Speaking at the Berlin Film Festival this week, Spielberg confirmed that he is prepping a “large production” based on Stanley Kubrick’s unfilmed screenplay for a Napoleon film. Rather than a movie, though, Spielberg’s version — which is being made with the cooperation of Christiane Kubrick and Jan Harlan — will be a “seven-part limited series.”
Kubrick’s career was littered with projects he researched for years but never actually mounted, but his Napoleon may be the most famous. Kubrick initially attempted a Napoleon film in the years after 2001: A Space Odyssey, but the project never came together. (He eventually applied some of the research he’d done to the making of Barry Lyndon, which was set around roughly the same period in history.)
Spielberg had revealed his interest in making Kubrick’s Napoleon before, but it now seems like a much firmer reality.
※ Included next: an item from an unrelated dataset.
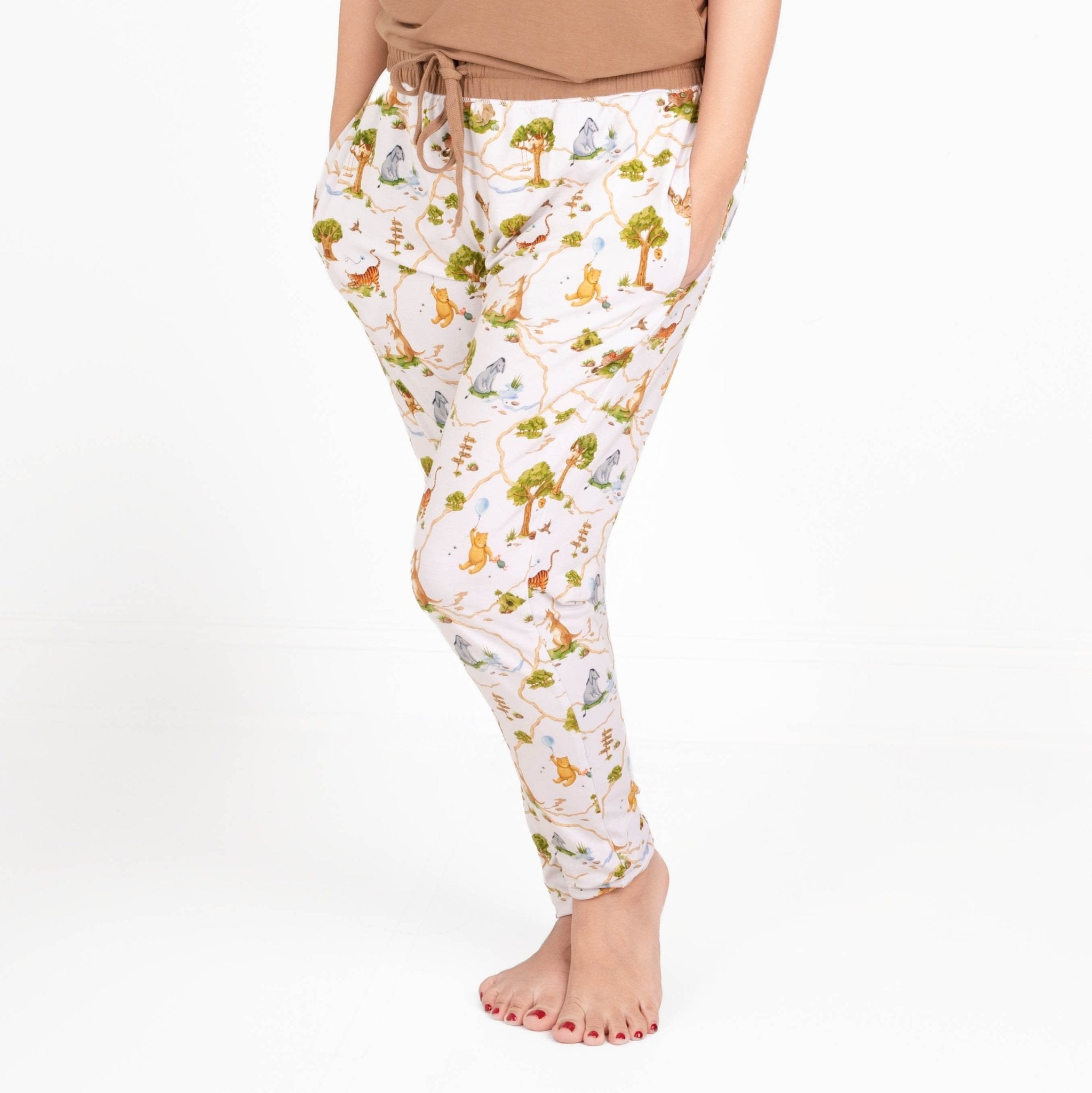Oh Bother, It's Bedtime Women's Jogger Pants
He has obviously worked from Kubrick’s raw materials before, having directed A.I. Artificial Intelligence after Kubrick passed away without ever turning that script into a reality. And Spielberg has worked in TV several times before, including on the acclaimed World War II miniseries Band of Brothers.
If Spielberg and HBO get Napoleon off the ground relatively soon, it will have to compete with Ridley Scott’s film about the same French leader. That version, which stars Joaquin Phoenix in the title role, will be released later this year through Apple TV+.